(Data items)
———
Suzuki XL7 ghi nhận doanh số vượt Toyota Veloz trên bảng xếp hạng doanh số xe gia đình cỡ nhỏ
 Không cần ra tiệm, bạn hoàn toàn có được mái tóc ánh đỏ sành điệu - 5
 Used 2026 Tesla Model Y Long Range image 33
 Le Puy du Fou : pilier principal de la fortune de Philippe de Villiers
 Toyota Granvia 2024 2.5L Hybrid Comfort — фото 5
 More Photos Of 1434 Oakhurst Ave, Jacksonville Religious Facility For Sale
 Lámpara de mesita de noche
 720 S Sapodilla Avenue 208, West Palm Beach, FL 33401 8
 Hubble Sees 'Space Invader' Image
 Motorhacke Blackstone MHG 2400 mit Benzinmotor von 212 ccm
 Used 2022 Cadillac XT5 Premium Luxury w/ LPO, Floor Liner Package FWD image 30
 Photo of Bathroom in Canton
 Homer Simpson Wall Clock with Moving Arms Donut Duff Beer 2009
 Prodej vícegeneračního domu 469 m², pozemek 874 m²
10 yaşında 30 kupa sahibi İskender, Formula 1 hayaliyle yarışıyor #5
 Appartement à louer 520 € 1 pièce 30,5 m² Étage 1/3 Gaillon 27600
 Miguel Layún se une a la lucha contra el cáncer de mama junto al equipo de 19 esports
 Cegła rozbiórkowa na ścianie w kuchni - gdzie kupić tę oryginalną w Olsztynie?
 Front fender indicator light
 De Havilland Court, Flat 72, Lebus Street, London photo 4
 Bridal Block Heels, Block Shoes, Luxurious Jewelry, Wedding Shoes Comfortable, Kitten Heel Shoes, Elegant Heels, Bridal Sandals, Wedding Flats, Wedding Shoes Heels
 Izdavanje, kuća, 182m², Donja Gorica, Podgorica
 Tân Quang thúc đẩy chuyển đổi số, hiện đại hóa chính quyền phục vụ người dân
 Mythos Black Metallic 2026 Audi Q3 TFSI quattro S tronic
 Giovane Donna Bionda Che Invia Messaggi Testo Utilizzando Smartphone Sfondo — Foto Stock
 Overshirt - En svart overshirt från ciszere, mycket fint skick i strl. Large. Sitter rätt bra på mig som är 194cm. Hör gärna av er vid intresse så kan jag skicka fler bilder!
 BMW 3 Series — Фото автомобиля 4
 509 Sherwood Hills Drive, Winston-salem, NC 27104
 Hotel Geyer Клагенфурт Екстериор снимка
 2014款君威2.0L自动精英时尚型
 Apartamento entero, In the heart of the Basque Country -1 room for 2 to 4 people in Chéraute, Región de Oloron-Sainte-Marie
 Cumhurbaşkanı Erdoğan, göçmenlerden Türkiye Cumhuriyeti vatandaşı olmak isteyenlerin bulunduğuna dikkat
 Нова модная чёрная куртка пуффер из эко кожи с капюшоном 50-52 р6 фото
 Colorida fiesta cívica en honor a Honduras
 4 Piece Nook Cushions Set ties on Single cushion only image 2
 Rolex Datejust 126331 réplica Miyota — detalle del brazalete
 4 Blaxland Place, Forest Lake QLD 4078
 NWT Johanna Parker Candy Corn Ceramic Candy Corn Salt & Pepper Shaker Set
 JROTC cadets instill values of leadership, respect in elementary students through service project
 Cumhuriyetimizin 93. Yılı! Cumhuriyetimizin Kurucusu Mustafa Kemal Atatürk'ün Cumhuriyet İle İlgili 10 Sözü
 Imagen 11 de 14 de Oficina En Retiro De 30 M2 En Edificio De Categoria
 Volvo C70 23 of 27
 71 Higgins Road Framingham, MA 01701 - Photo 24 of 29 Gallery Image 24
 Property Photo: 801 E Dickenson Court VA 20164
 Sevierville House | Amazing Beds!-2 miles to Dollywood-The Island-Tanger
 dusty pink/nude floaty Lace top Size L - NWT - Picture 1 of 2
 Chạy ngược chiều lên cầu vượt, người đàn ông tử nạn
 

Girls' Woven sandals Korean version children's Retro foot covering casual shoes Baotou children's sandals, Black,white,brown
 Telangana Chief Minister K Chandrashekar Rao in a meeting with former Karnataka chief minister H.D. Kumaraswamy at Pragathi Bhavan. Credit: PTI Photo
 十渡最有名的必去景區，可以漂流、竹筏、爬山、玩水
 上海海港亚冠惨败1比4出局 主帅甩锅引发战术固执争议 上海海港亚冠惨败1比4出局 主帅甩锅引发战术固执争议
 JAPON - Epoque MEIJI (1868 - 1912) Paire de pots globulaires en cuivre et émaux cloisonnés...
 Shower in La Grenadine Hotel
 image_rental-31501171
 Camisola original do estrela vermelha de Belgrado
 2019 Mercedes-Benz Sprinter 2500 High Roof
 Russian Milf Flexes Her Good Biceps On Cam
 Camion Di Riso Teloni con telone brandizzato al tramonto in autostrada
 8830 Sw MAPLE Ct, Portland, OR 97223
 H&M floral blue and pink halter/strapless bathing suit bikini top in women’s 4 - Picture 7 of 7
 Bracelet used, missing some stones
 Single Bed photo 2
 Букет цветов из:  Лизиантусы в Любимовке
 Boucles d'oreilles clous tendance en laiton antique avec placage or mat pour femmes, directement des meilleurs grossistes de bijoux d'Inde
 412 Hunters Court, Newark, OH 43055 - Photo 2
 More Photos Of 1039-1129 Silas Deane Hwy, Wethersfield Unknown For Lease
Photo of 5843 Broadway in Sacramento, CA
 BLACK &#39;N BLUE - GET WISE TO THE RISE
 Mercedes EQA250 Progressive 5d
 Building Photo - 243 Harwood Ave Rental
———
TASK REQUIREMENTS → Only the lines from the beginning of the entries through the line bearing "Used 2026 Tesla Model Y Long Range image 33" should be returned, each exactly as written.

ANSWER FOR THE TASK →
Suzuki XL7 ghi nhận doanh số vượt Toyota Veloz trên bảng xếp hạng doanh số xe gia đình cỡ nhỏ
 Không cần ra tiệm, bạn hoàn toàn có được mái tóc ánh đỏ sành điệu - 5
 Used 2026 Tesla Model Y Long Range image 33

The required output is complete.